What Arne Duncan means to charter schools
President-elect Barack Obama's choice for Secretary of Education - Chicago school head Arne Duncan - is known as a friend of charter schools. Both teacher's unions and reformers approve of the candidate. This could be good news for the International Community School, says Laurent Ditmann, the principal of the Atlanta charter school for refugees and US-born students. Last fall, when the school's charter renewal looked dicey, ICS parents and administrators said they hoped Mr. Obama would significantly overhaul the problematic No Child Left Behind act during his first year in office. A revision of the act could help to clarify questions about Highly Qualified Teachers that plague charters, and may cost some ICS refugee assistant teachers their jobs.
"I don't know any serious educator who thinks No Child Left Behind is a good idea," Dr. Ditmann says.
Since then, Georgia schools - which have been losing money for years; $10 million in ICS's DeKalb County since 2002 - have sunk deeper into the hole.
"Everything is in such carnage financially," says ICS parent Marney Mayo, who spends a lot of time lobbying the state legislature on behalf of charter schools, that Georgia lawmakers don't seem to be paying much attention to Obama's cabinet appointments.
"Especially in Georgia," she says, where Republicans dominate the state legislature, "the Republicans would rather be in denial that Obama even won." His appointment of Mr. Duncan, says Ms. Mayo, "is not a signal that's gonna be heard by the state legislature."

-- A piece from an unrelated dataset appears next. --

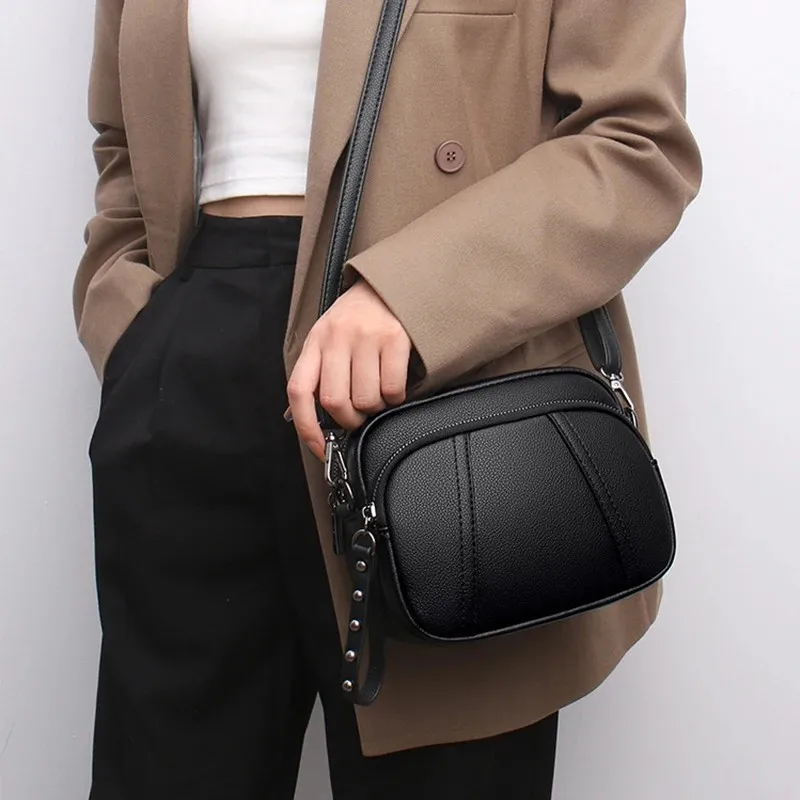 Bolsa feminina de couro - Rock Girl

But elsewhere, charter supporters and others are optimistic about the new appointment. "Duncan is embraced by the teachers unions, who have been concerned about high-stakes testing and worry about merit pay being tied to test scores, as well as reformers, who favor charter schools and tougher standards," writes The Washington Post this morning."He represents a compromise choice in the debate that has divided Democrats in recent months over the proper course for public-school policy after the Bush years," writes The New York Times, "In straddling the two camps, Mr. Duncan seem[s] to reflect Mr. Obama's own impatience with what he has called "tired educational debates."